EXERCISE: Take from the entries below the stretch from the line with "Private House in Huai Yai for sale" through the line with "Τουρκία: Αυστηρά περιοριστικά", and return it exactly, leaving the pictures out.

DATA FOR REVIEW:

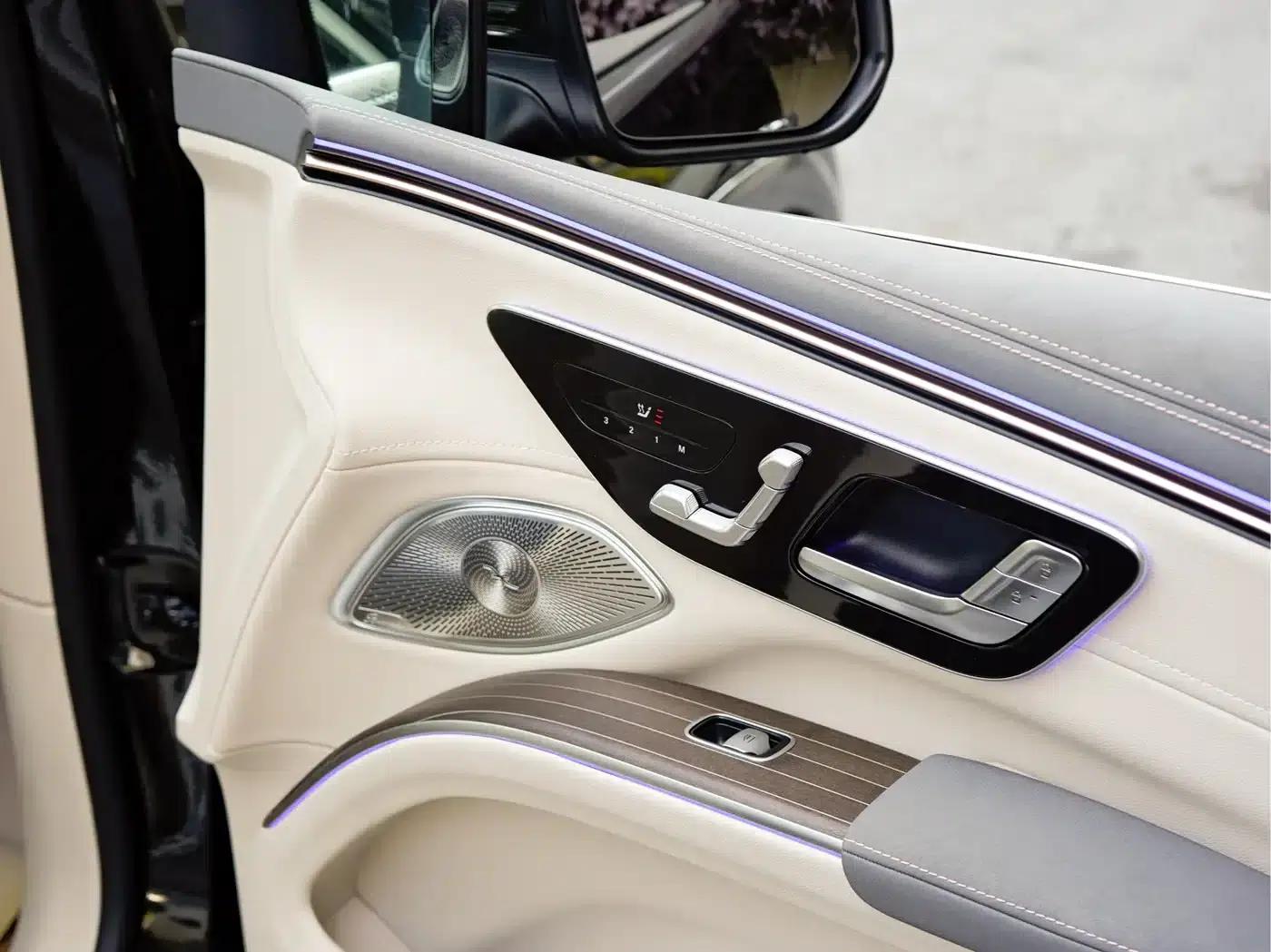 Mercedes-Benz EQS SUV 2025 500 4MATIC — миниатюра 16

==

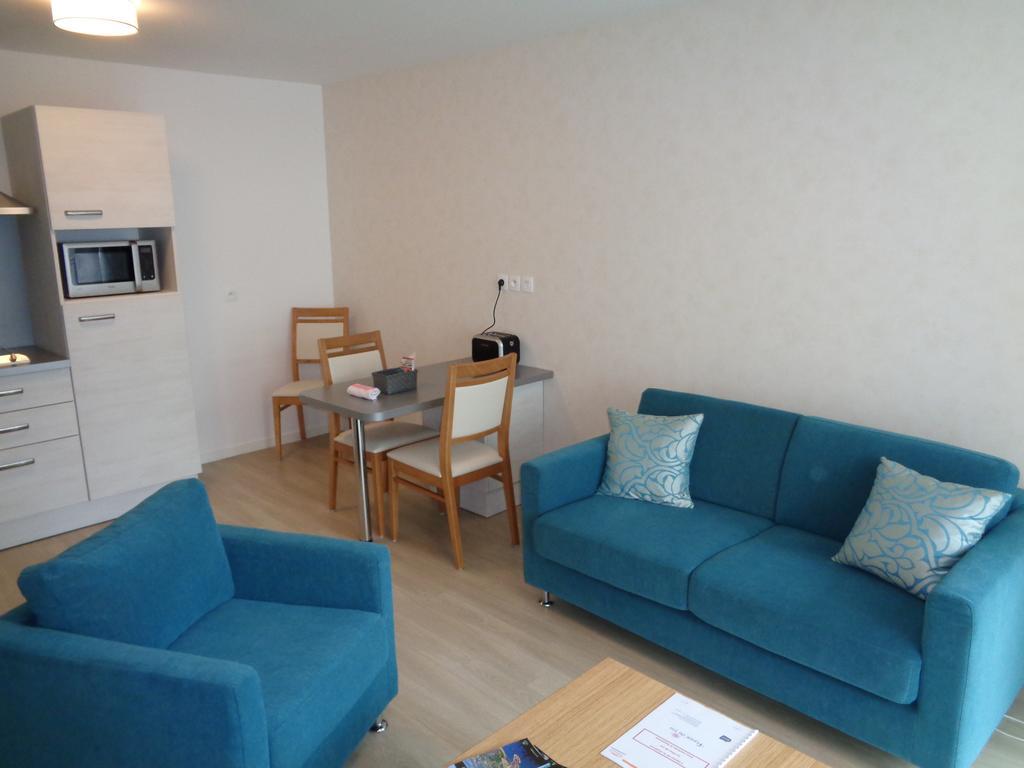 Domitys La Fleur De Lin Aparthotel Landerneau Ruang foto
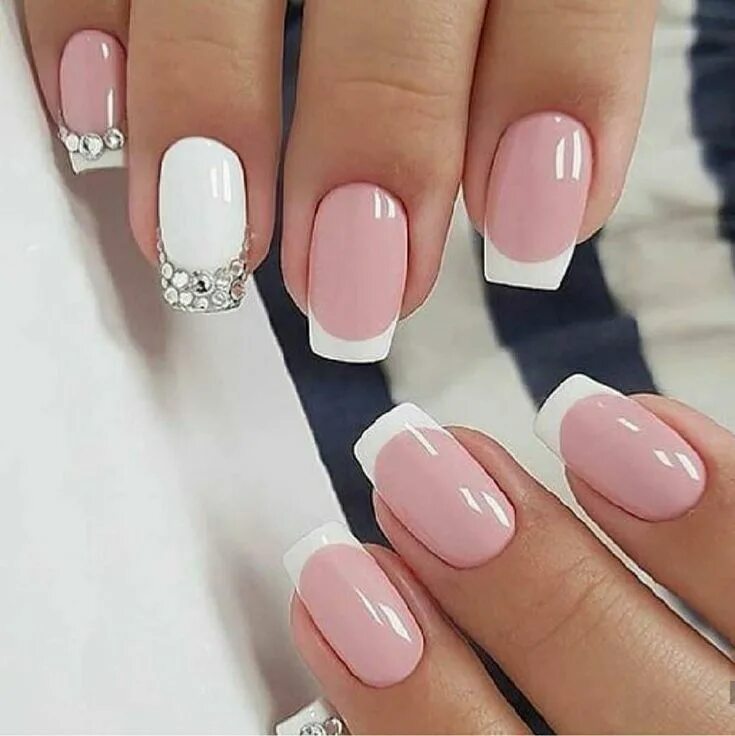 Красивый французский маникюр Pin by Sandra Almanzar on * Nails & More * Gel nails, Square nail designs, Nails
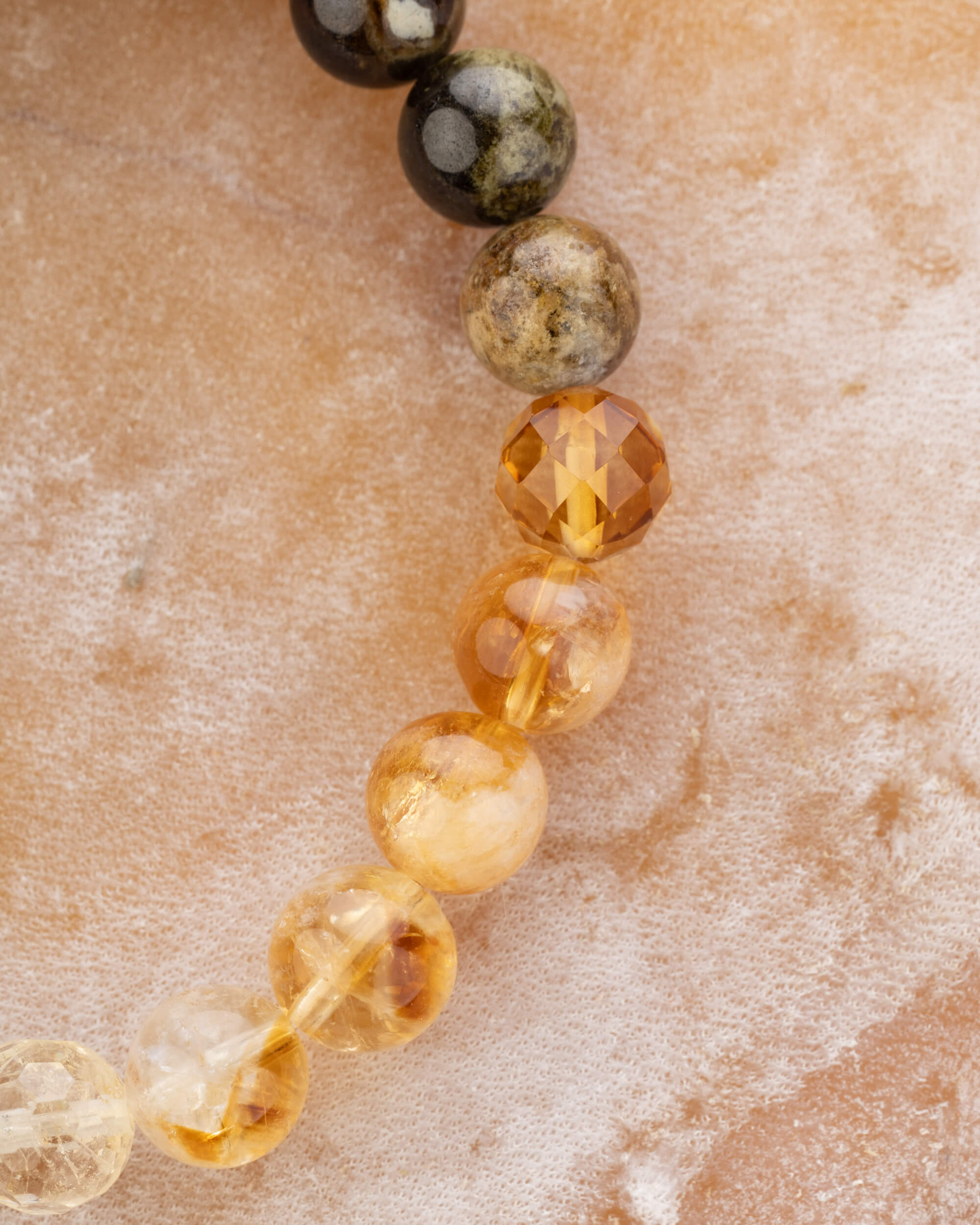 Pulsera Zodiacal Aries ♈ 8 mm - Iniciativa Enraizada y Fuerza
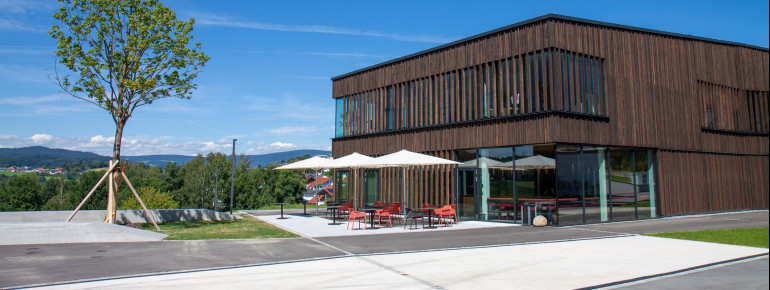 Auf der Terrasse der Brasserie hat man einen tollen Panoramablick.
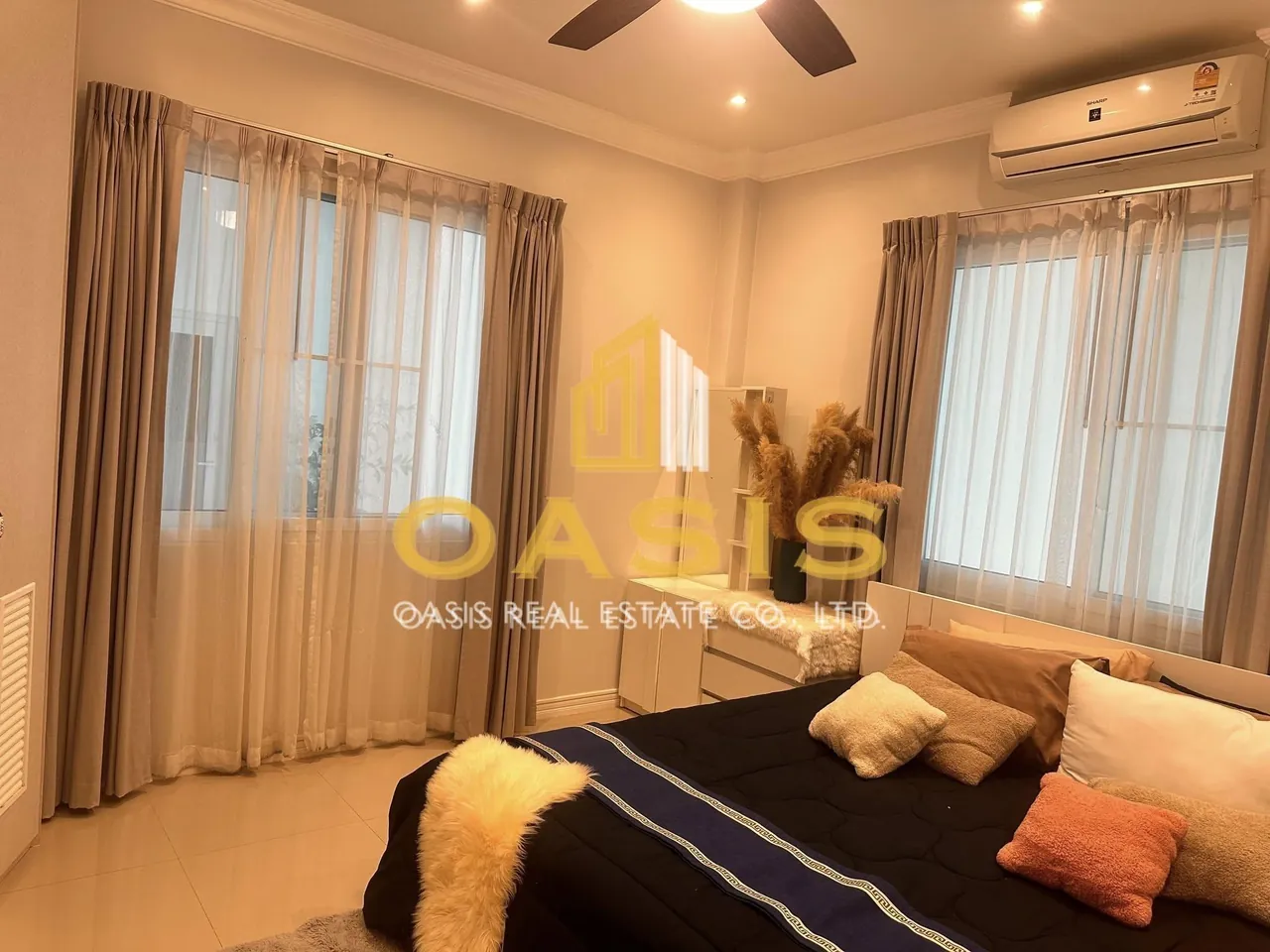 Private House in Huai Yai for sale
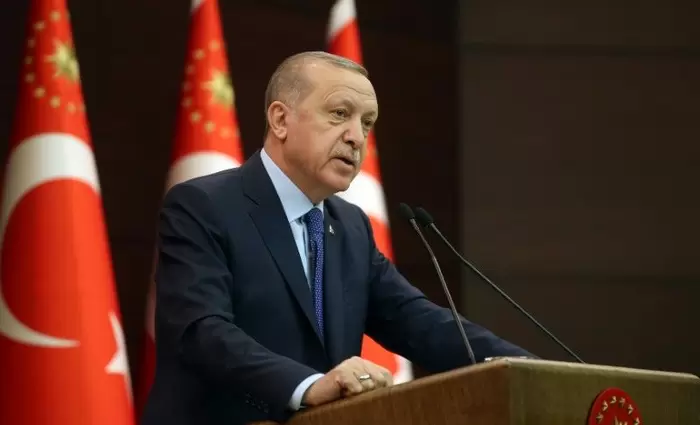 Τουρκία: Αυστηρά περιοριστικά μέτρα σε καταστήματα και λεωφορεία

--

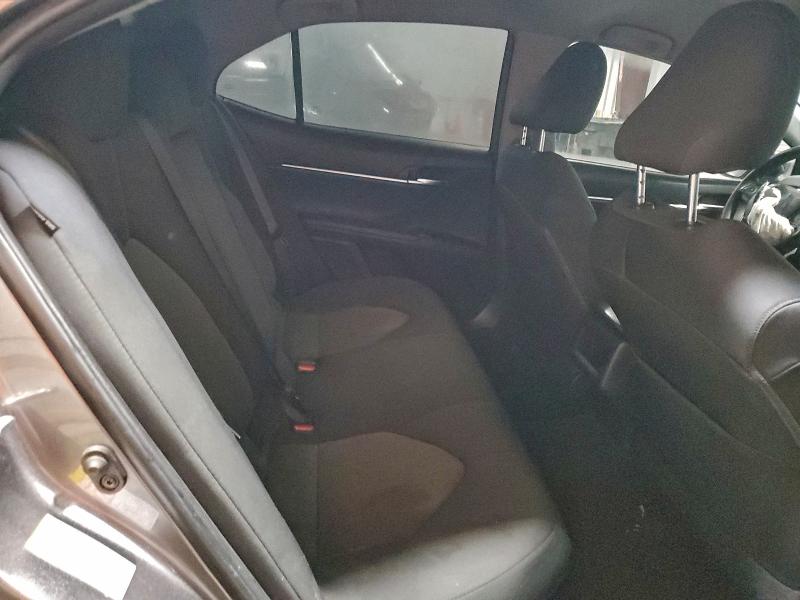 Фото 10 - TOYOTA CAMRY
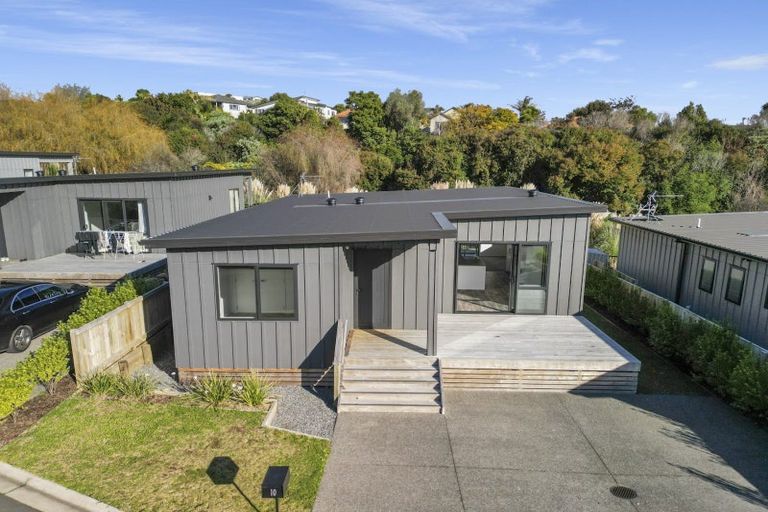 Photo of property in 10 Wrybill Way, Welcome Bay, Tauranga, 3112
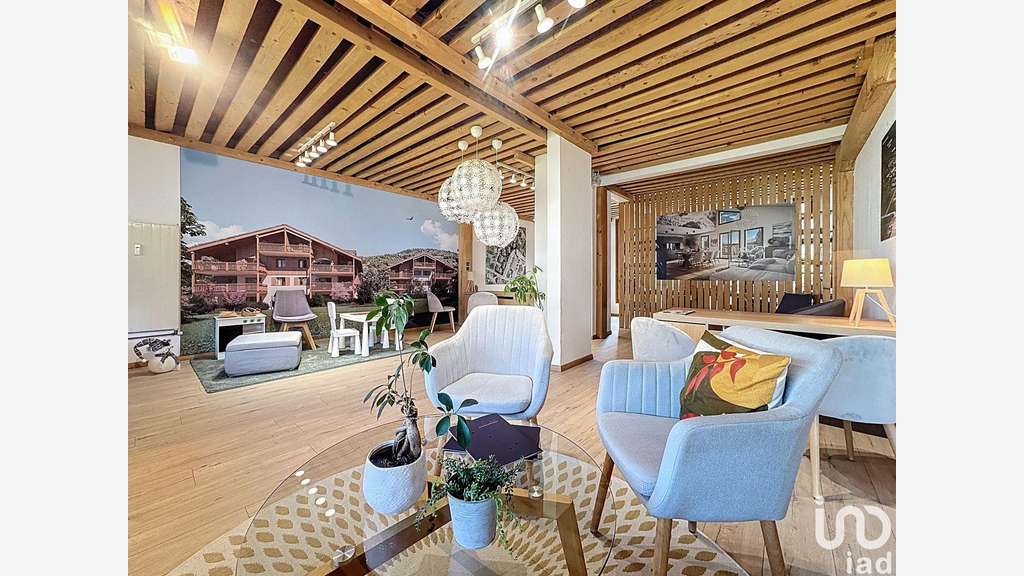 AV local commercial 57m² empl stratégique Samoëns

OUTPUT FOR THIS EXERCISE:
 Private House in Huai Yai for sale
 Τουρκία: Αυστηρά περιοριστικά μέτρα σε καταστήματα και λεωφορεία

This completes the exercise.